The API of the Linux kernel is available through system calls. System calls have names, such as read()
for reading a file that we can call directly in our code. When looking to see what’s going on on Linux, the first place you can start is with system calls.
These are defined with a macro called SYSCALL_DEFINE3
which generally takes the form, SYSCALL_DEFINE3(syscall_name, args...)
.
You can also find them listed in the system call table. Here is a link to see all of the system calls for the x86_64 architecture.

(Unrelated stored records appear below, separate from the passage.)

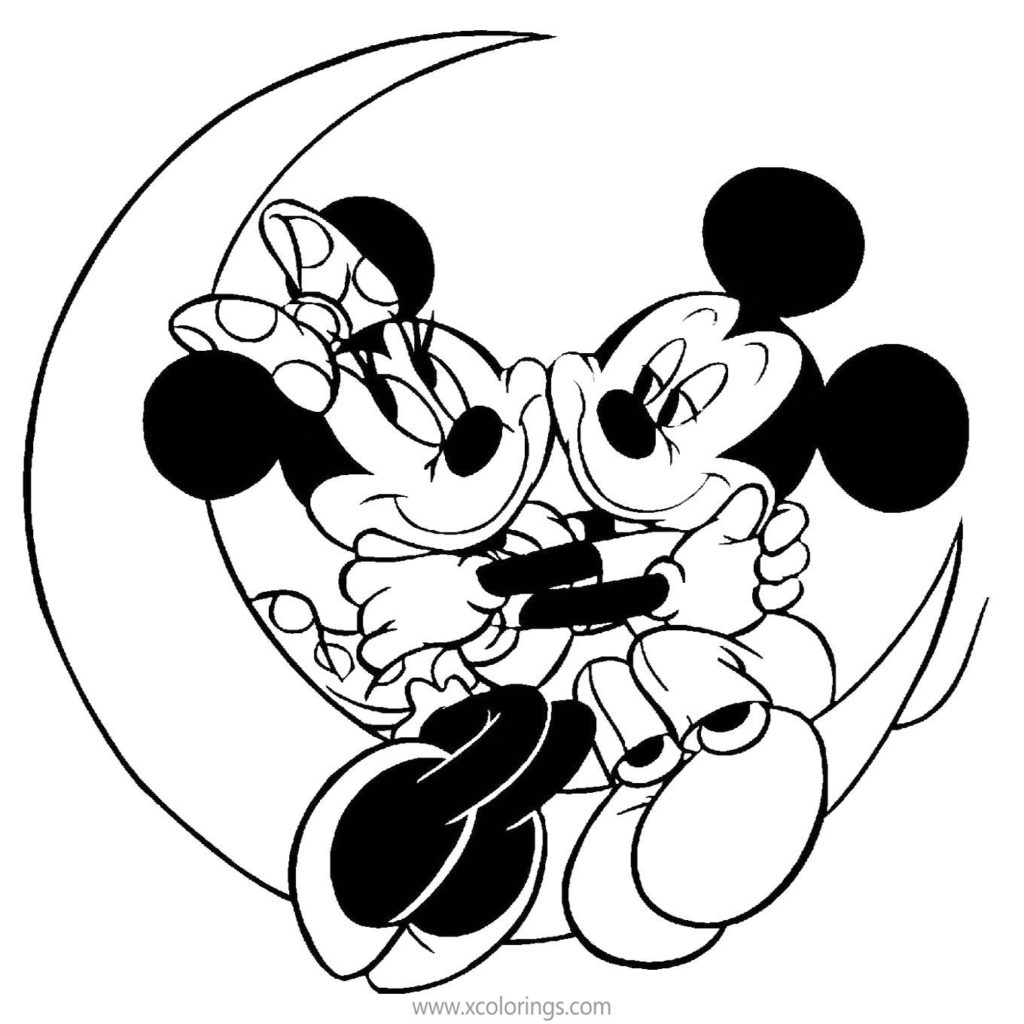 Disney Minnie Mouse Valentines Day Coloring Pages - XColorings.com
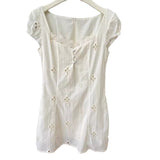 Plataz Retro Embroidered Hollow Dress Woman 2024 Spring And Summer New Pure Sexy Hottie Seaside Holiday Dress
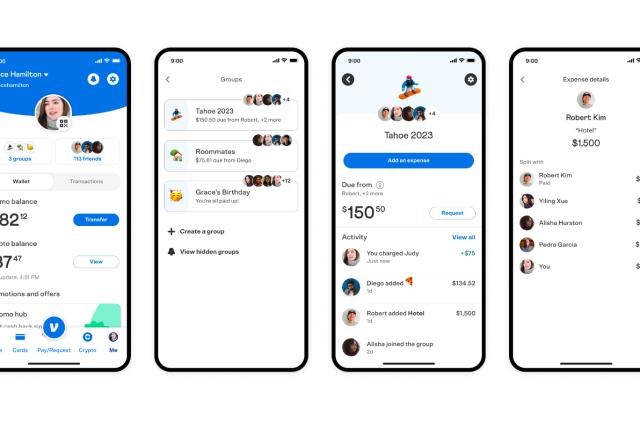 Screenshots of Venmo's Groups feature, depicting users figuring out how much money they owe each other, and settling up their shared expenses.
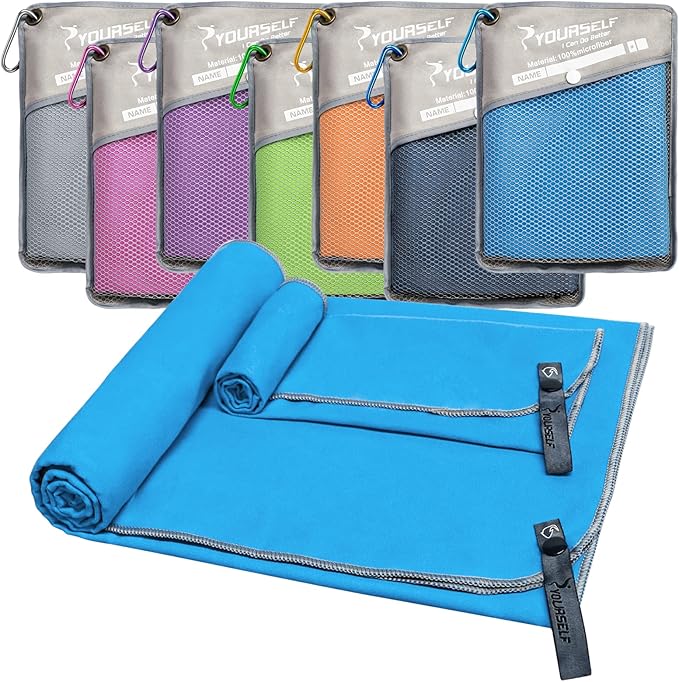 SYOURSELF 2 Pack Microfiber Camping Towel, Quick Dry Towel, Soft Absorbent Compact Travel Gym Workout Sweat Towel for Beach Yoga Swim Travel Camping Hiking Backpack Essentials (L:60"x30"+12"x24")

Interrupts, top half, and bottom half work
The Linux kernel is split into two halves. The top half responds to “interrupts” which come to the CPU from some device or timer. An interrupt can be something like:
- A network card has some data ready to be read
- A user typed something on the keyboard
- A timer went off
The top half’s responsibility is to immediately handle the interrupt and schedule some work later to take care of it. The bottom half picks up the work and does any processing required, such as notifying your web browser that a response came back from a server, or notifying your terminal program that a key was typed.
Generally, if you’re trying to look for data that is coming in (network, keyboard, etc.) from I/O, this will be somewhere in the bottom half.
Tools to search the Linux source
I have three methods that I like to use to search the Linux source: livegrep, lxr, and ctags.
Livegrep and lxr are useful for quick searches.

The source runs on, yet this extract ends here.